Good functions only do one thing, but they do it well and often in a variety of contexts. Often the operations contained in a good function are generally useful for many tasks. Take for instance the R function mean(), which computes sample mean values. This function only does one thing (computes a mean). However you may use the mean() function in different places in your code. You may use it to calculate a new column value in a data.frame. Or you could use it to calculate that mean of a matrix.
Global variables are objects in R that exist within the global environment. You learned about the global environment in the first few weeks of class. You can think of it as a bucket filled with all of the objects (and package functions) in your R session. When you code line by line, you create numerous intermediate variables that you don’t need to use again.
Similar to pipes, functions run in their own environment. This function environment is created when the function is called, and deleted (by default) once the function returns a result. Objects defined inside of functions are thus created inside of that function’s environment. Once the function is done running, those objects are gone! This means less memory is used.
Ideally, your code is easy to understand. However, what might seem clear to you now might be clear as mud 6 months from now or even 3 weeks from now (remember we discussed your future self in week 1 of this class).
Well written functions use names that help you better understand the task that the function performs.
Name functions using verbs the indicate what the function does. This makes your code more expressive or self describing and in turn makes it easier to read for both you, your future self and your colleagues.
If all your code is written line by line, with repeated code in multiple parts of your document, it can be challenging to maintain.
Imagine having to fix one element of a line of code that is repeated many times.
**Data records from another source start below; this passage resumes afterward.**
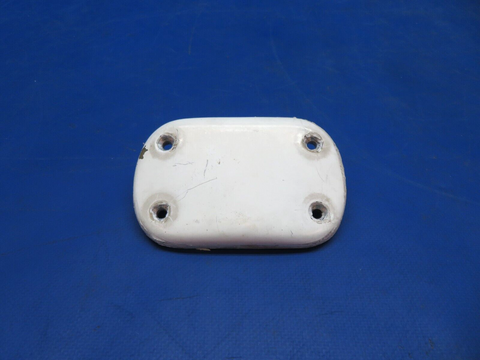 Sensor Systems GPS Antenna P/N S67-1575-52 (0923-712)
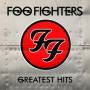 Foo Fighters - Greatest Hits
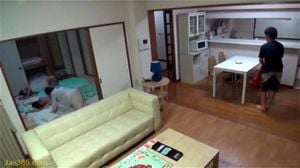Watch from 1:20:43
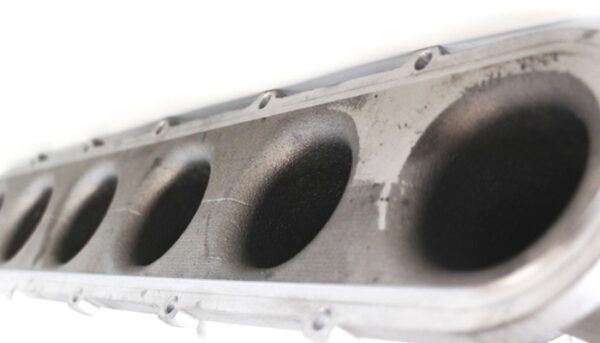 BMW M50/M52 Imusarja - Image 4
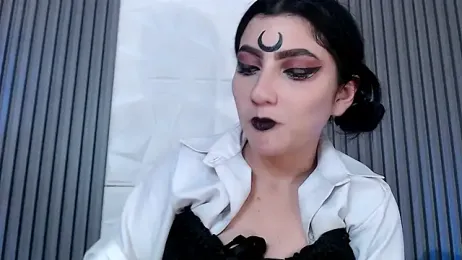 sophy_rock stripchat stream image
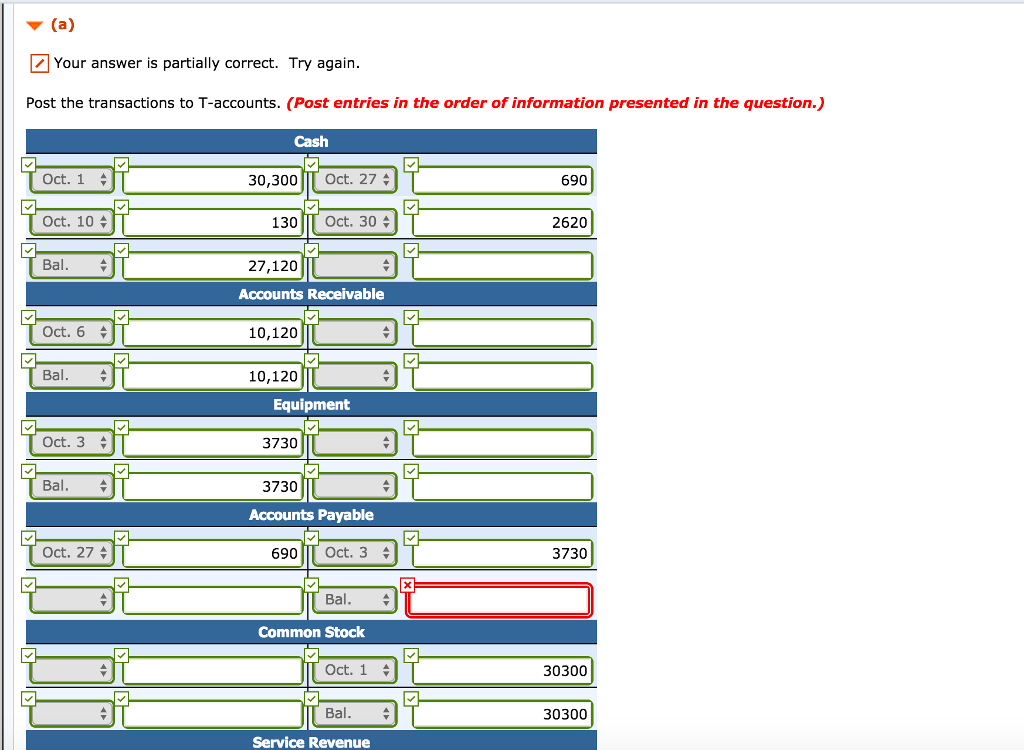 Exercise 3-13 (Part Level Submission This information relates to McCall Real Estate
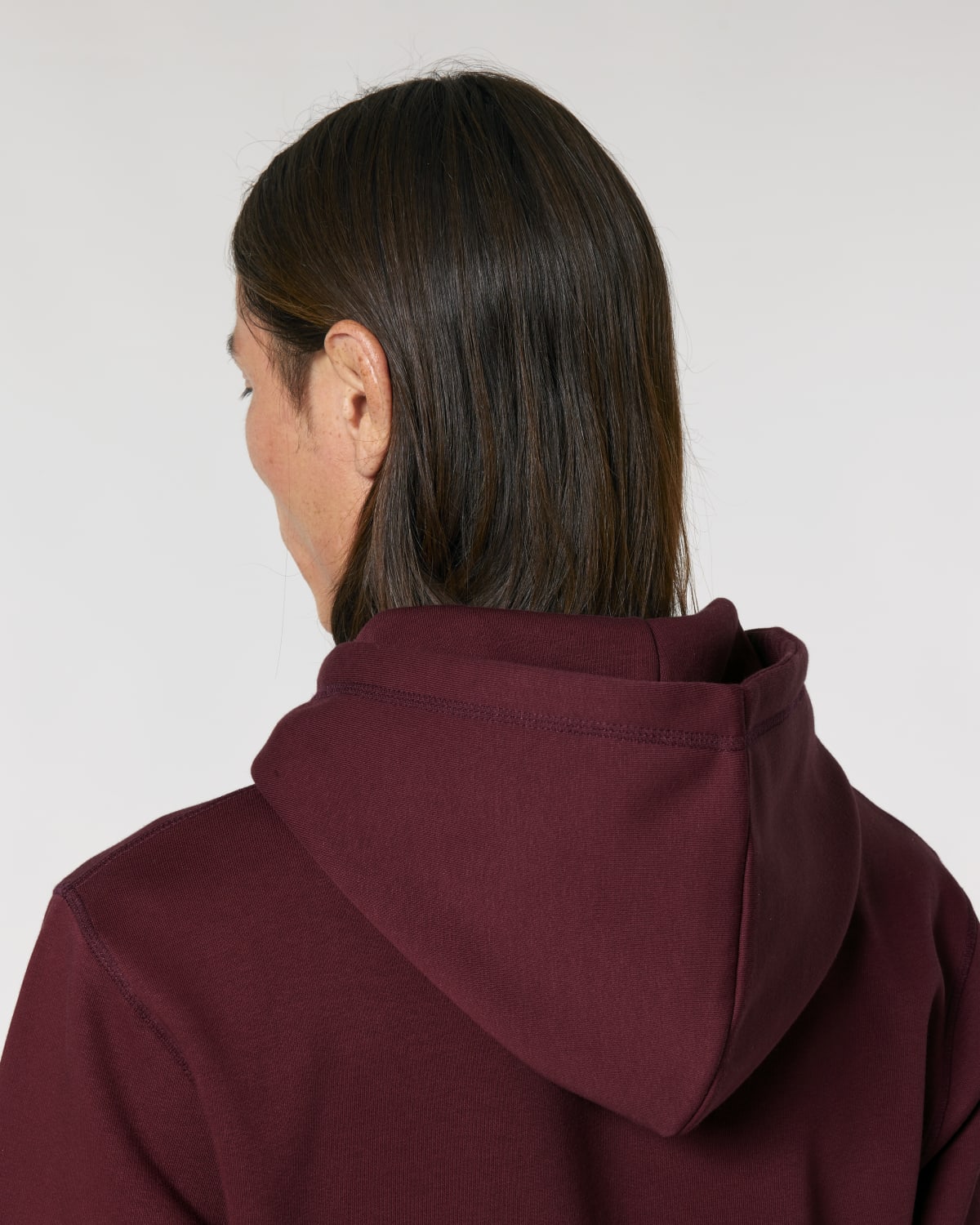 Mid-Light Hoodie Unisex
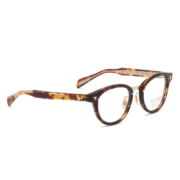 SHINBARI SH-C570 2-1 48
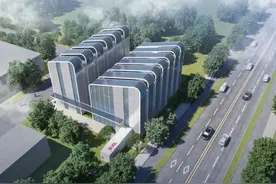 随手拍！5000元大奖等你来拿！一场事关节能环保的短视频、摄影大赛来了图片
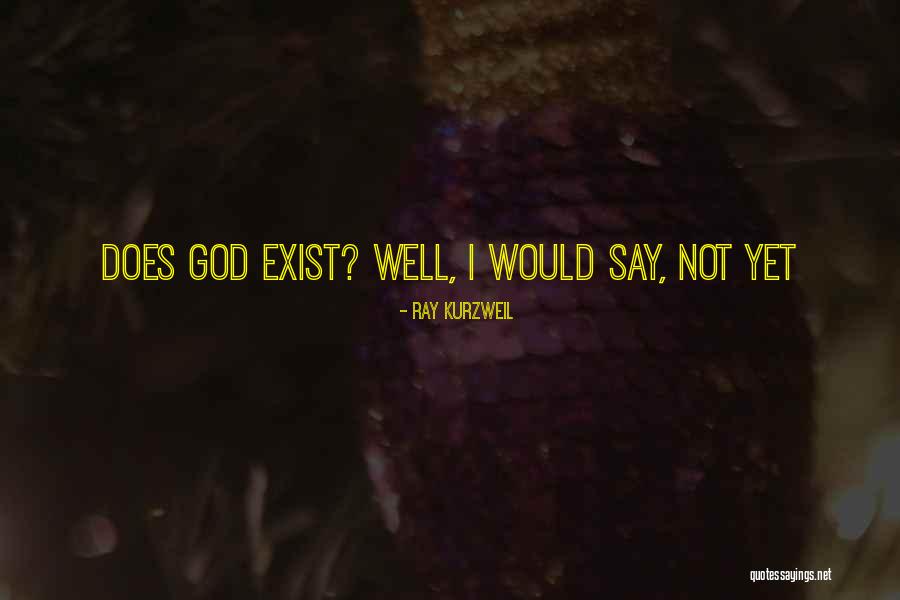 Kumalo Doll Quotes By Ray Kurzweil Kumalo Doll Quotes By Ray Kurzweil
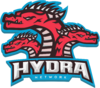 hydra_fulllogo_blue.png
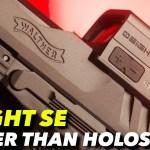 The Budget Red Dot That Just Humiliated the Big Brands! OSIGHT SE Review The Budget Red Dot That Just Humiliated the Big Brands! OSIGHT SE Review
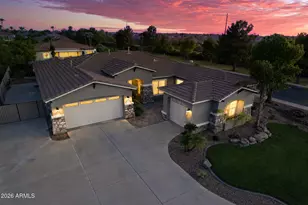 407 E Tonto Pl, Chandler, AZ 85249 - Photo 57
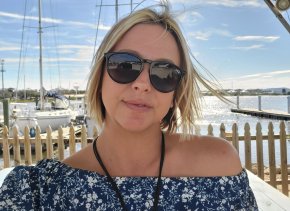 Relation sérieuse ,je ne recherche pas d homme infidèle mais plutôt celui qui connaît la valeur 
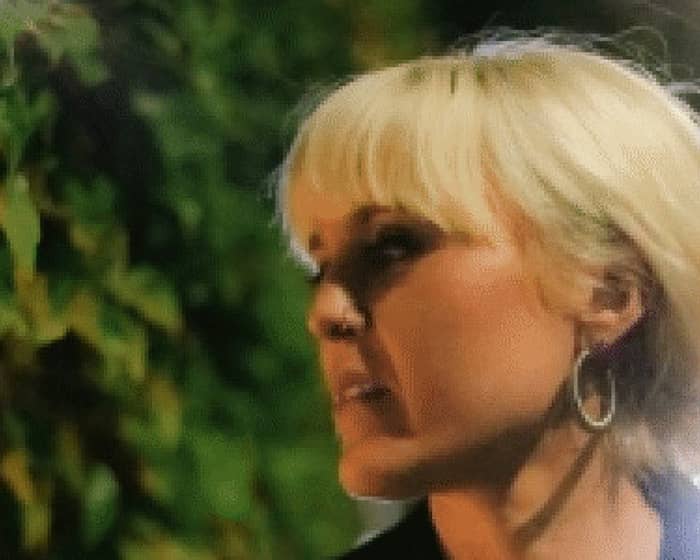 Liz Stringer tickets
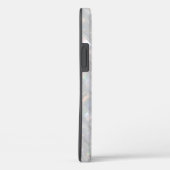Coques Case-Mate iPhone Bandes en verre (Verso / Droite)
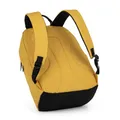 Weiteres Produktbild Studentenrucksack OXY Runner Gelb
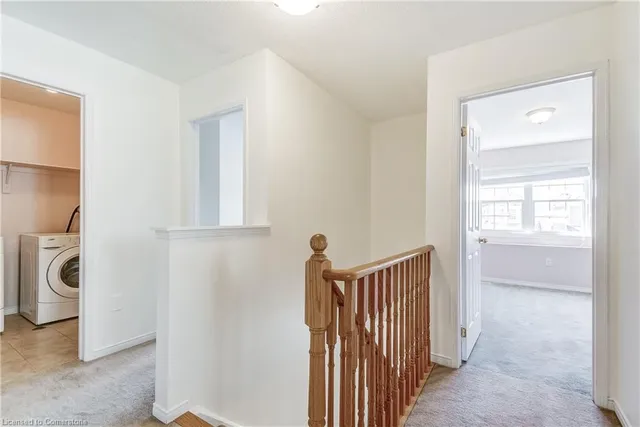 Additional image 9 of 83 Powell Dr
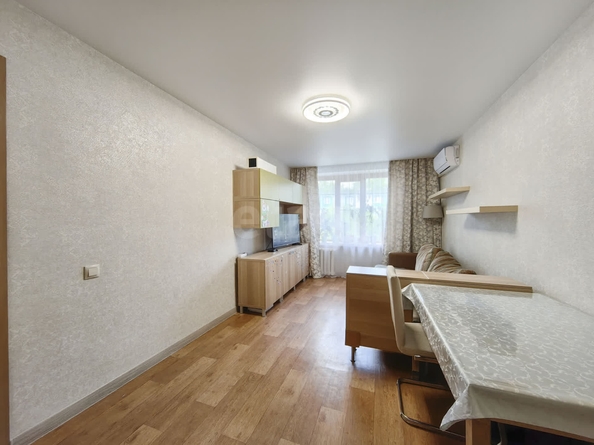 
  Продается 3-комн. квартира, 56.4 м², Красный пр-кт, д. 98
. Фото 5.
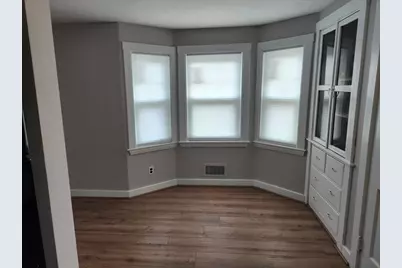 5 Ray Street #5, Hopkinton, MA 01748 - Photo 9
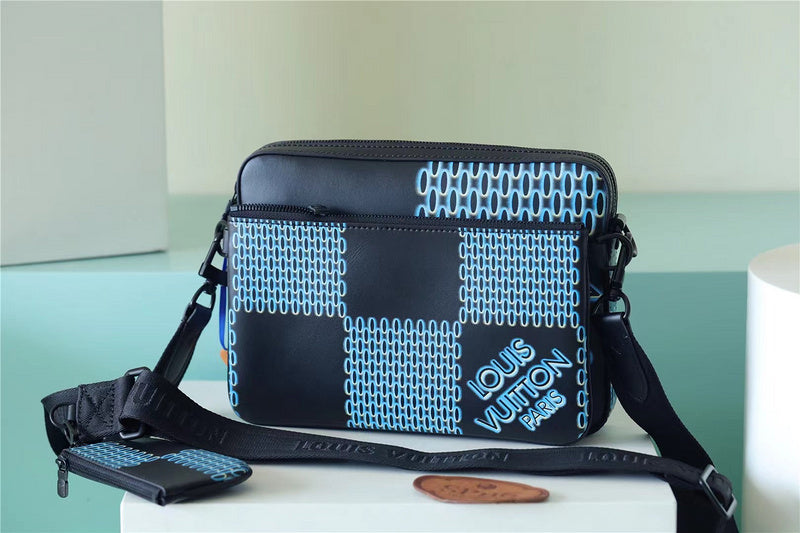 Alice bags - Louis Vuittons  - 10044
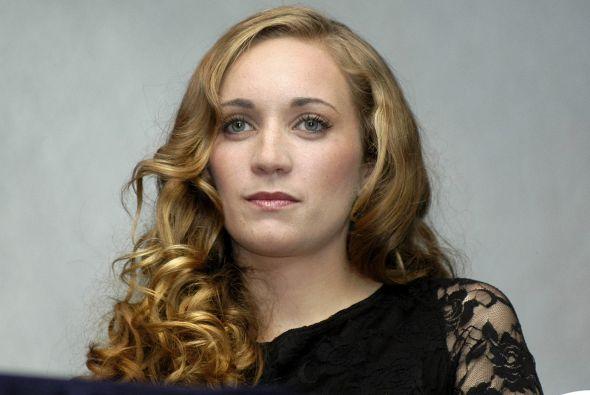 Ex asistente de Gaby Spanic revelará si la actriz es homosexual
You will have to find and replace that code to implement the fix in EVERY INSTANCE it occurs in your code. This makes your code difficult to maintain.
Do you also duplicate your comments where you duplicate parts of your scripts? How do you keep the duplicated comments in sync? A comment that is misleading because the code changed is worse than no comment at all.
Re-organizing your code using functions (or organizing your code using functions from the beginning) allows you to explicitly document the tasks that your code performs.
While you won’t learn this in class this week, functions are also useful for testing. As your code gets longer and more complex, it is more prone to mistakes. For example, if your analysis relies on data that gets updated often, you may want to make sure that all the columns in your spreadsheet are present before performing an analysis. Or that the new data are not formatted in a different way.
Changes in data structure and format could cause your code to not run. Or in the worse case scenario, your code may run but return the wrong values!